Data shown:
Start of Block

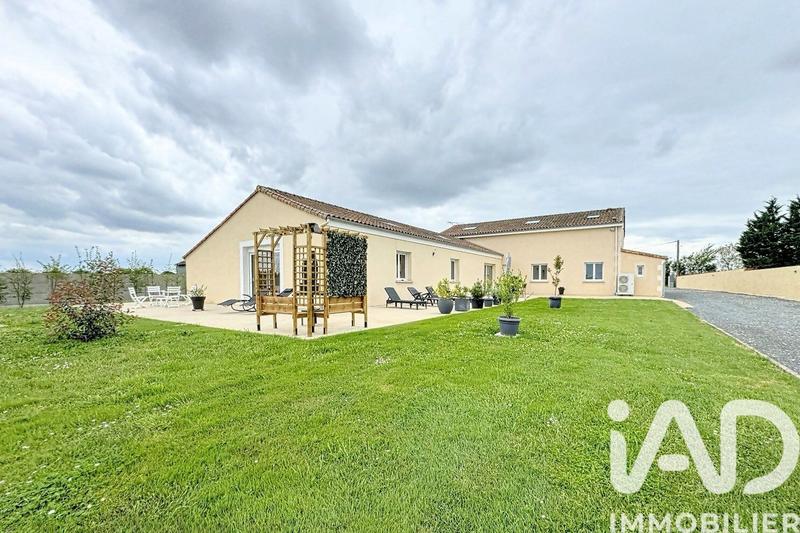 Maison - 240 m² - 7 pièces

End of Block
Start of Block

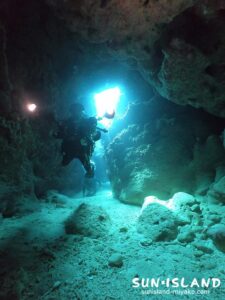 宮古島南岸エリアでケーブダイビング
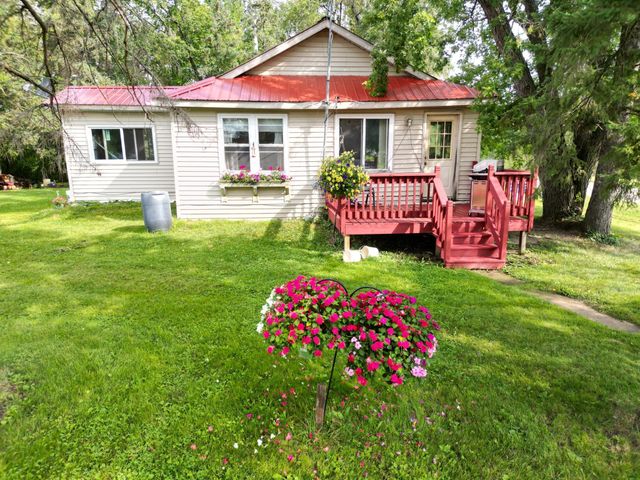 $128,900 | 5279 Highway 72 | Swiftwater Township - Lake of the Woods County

End of Block

Task objective: Range to copy from the listing above: the line with "宮古島南岸エリアでケーブダイビング" through the line with "the Woods County". Transcribe it exactly and skip the pictures.

Task solution:
 宮古島南岸エリアでケーブダイビング
 $128,900 | 5279 Highway 72 | Swiftwater Township - Lake of the Woods County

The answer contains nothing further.